Segmented region volume. Each graph is a combination of violin plots for the distribution of the segmented volume and line graphs for the mean volume in each decade stratified by sex. Red indicates female, blue indicates male, and black indicates all. The red and blue vertical lines contain the volumes between the 25th and 75th percentiles. The mean volume in each decade is shown under the violin plot. The relationship between segmented volume and age in each region was examined using Pearson’s correlation coefficient (r)

Fig. 6.

Fig. 6

Open in a new tab

Segmented region volume ratio. Each graph is a combination of violin plots for the distribution of the segmented volume ratio and line graphs for the mean volume ratio in each decade stratified by sex. Red indicates female, blue indicates male, and black indicates all. The red and blue vertical lines contain the volume ratios between the 25th and 75th percentiles. The mean volume ratio in each decade is shown under the violin plot. The relationship between segmented volume ratio and age in each region was examined using Pearson’s correlation coefficient (r)

Discussion

Our cross-sectional MRI study using the AI-based automated segmentation method has shown that the brain volume in the healthy subjects began to decline after the 20s and continued to decline over their entire lifespan, with which the CSF volume continued to increase linearly. The mean volume of the intracranial CSF in the 20s was 265 mL, whereas that in the 70s was more than 400 mL. However, the ventricle maintained its volume at approximately 20 mL under the age of 60 years. Although these results in this study are consistent with the results of other volumetric studies [716] and our previous MRI studies involving a different population [1719], they are far from the common knowledge [2022]: 150 mL in the intracranial CSF and 25 mL in the ventricles in adults. Unless this central dogma is denied, the understanding of the pathophysiology of CSF-related diseases will not progress. Even if the total intracranial CSF volume increases with aging, the ventricles are unlikely to expand in healthy persons under the age of 60 years. After the age of 60 years, the ventricle is more likely to expand for some reasons; for example, the opening foramina of Magendie and Luschka induce increases in the influx of CSF into the ventricle [2729].

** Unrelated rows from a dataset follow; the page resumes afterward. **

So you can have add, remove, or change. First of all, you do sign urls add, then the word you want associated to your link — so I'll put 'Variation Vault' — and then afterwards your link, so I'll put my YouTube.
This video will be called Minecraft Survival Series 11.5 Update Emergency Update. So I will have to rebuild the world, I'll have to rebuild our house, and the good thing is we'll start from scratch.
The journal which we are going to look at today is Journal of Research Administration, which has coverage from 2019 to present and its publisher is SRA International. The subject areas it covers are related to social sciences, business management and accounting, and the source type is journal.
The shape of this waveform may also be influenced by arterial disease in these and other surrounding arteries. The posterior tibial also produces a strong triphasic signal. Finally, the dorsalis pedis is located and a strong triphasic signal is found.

The AI-based automated segmentation has numerous advantages over the conventional voxel-based morphometry or manual 3D segmentation method. The most important advantage is the reproducibility without a spatial normalization technique that fits into a normal brain anatomy on the computer-aided voxel-based morphometry [716]. An additional advantage is that the AI-based automated segmentation method takes a short time for analysis (approximately 1 min). Manual 3D segmentation is time-consuming, requires special expertise in anatomical knowledge, and is less reproducible [1719]. Because the AI-based automated segmentation method using high-resolution brain 3D MRI data is convenient for evaluating brain regional atrophy by referring to the published BrainChart [8], it will be widely clinically applied as a next-generation diagnostic imaging technique, particularly for Alzheimer’s disease.

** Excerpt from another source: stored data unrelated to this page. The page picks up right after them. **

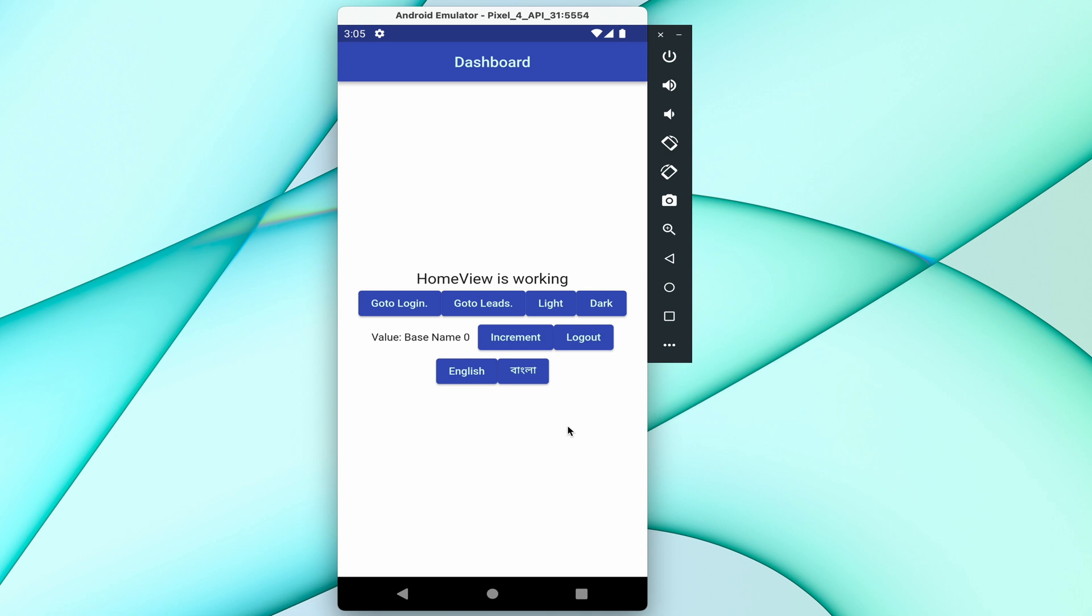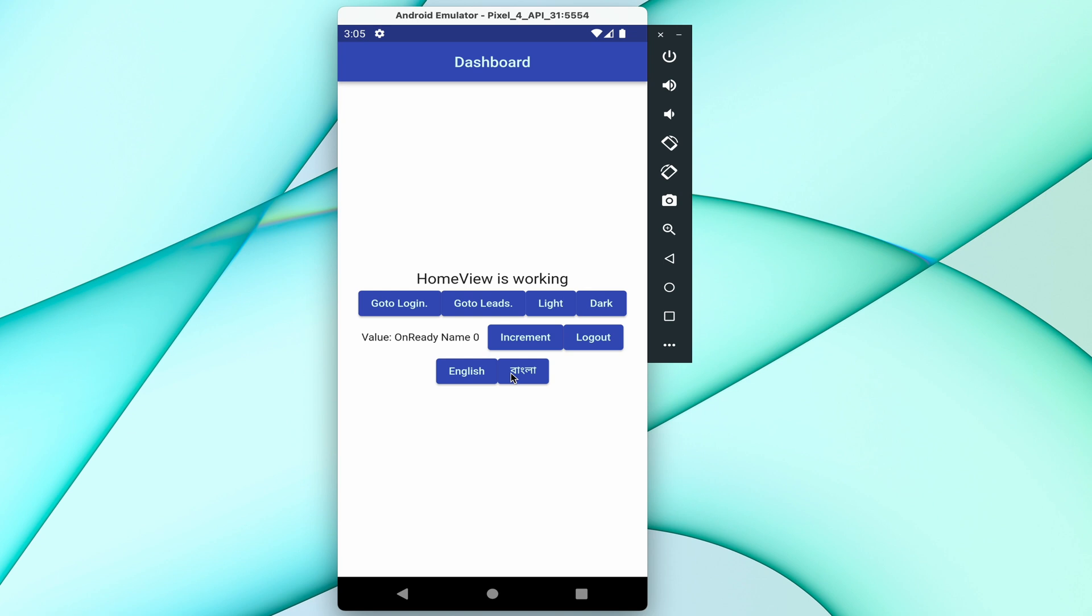If you want to change your application language like this, you can also learn about these things. If you are not subscribed to my YouTube channel, quickly subscribe to my YouTube channel and hit the notification button for quick notifications. So let's start.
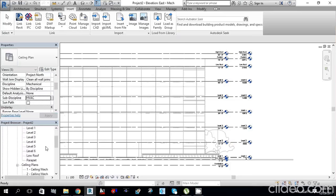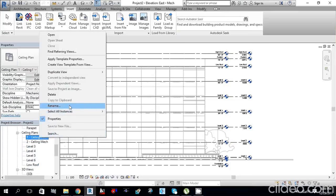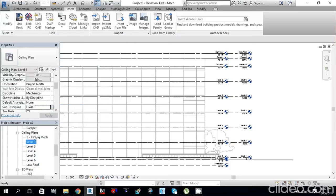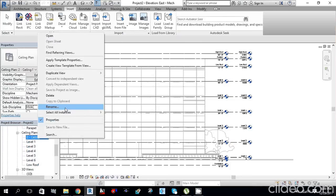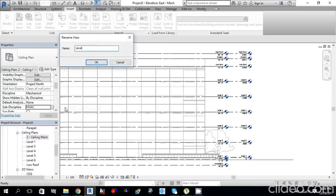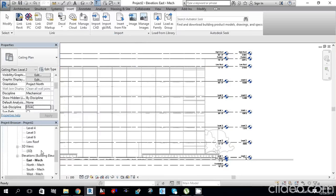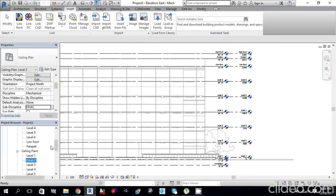Now all levels are visible. Rename Ceiling Plan 1 to Level 1, then use the same method to rename the others to Level 2, and so on. This is how you create levels to start your mechanical project.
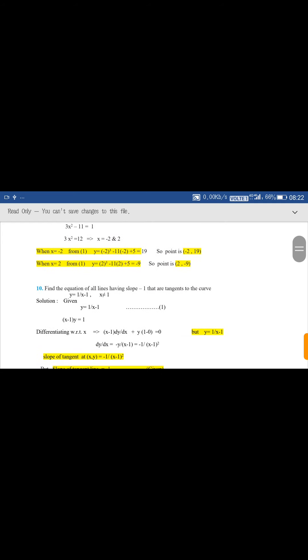Now there is another type of question: Find the equation of all lines having slope -1 that are tangent to the curve y = 1/(x - 1), where x ≠ 1, because x = 1 makes it 1/0 which is undefined. So the domain excludes x = 1.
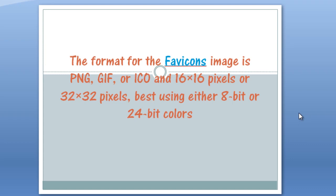Howdy Champs! My name is Mohit and this tutorial is going to teach you how to use favicons. Now the first question that may come up in your mind is what exactly are favicons?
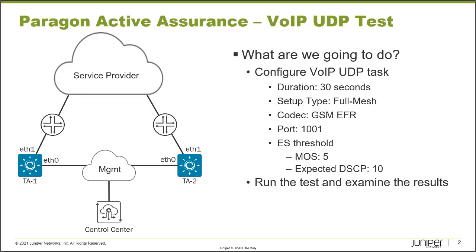So one thing I do want to talk about is what this task is all about. What it does is it simulates VoIP media flows using UDP as the transport protocol. So these flows use a specific voice codec.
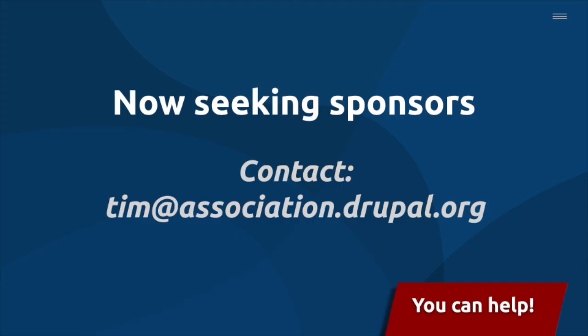Phase 2 needs your help, so if you're interested in sponsoring this work, please reach out to the team at the Drupal Association.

This study has some limitations. First, the study design was cross-sectional, involving healthy volunteers with wide ranging ages at one point, who were assessed on a 3-tesla MRI machine. Essentially, longitudinal assessments should be ideal to prove the increase in the intracranial CSF volume because of the brain volume loss with aging; however, such studies require a long study period and are difficult to conduct using the same high-resolution MRI machine. Second, in this study, the cognitive function of the participants was not measured, although all volunteers were independent in their daily lives without any problems in walking, writing, memory, and judgment and participated in this study on their own initiative. Third, we had not assessed the reliability of the AI-based automated segmentation volumes obtained using other 1.5-tesla or 3-tesla MRI scanners made by other companies; however, FUJIFILM Corporation verified the aforementioned application. Finally, we assessed the reliability of the segmented volumes in the total ventricles and subarachnoid spaces only, not in the cortical gray and white matter. In our original manual segmentation method, CSF spaces were accurately segmented from 3D T2-weighted images, as previously reported [1719]. However, segmenting the cortical gray and white matter or the frontal and temporal cortex in 3D is difficult using the manual method. Further work is needed to verify the accuracy of the hippocampal volume obtained using the AI-based automated segmentation method to replace the widespread software for automatic computer-aided voxel-based segmentation systems.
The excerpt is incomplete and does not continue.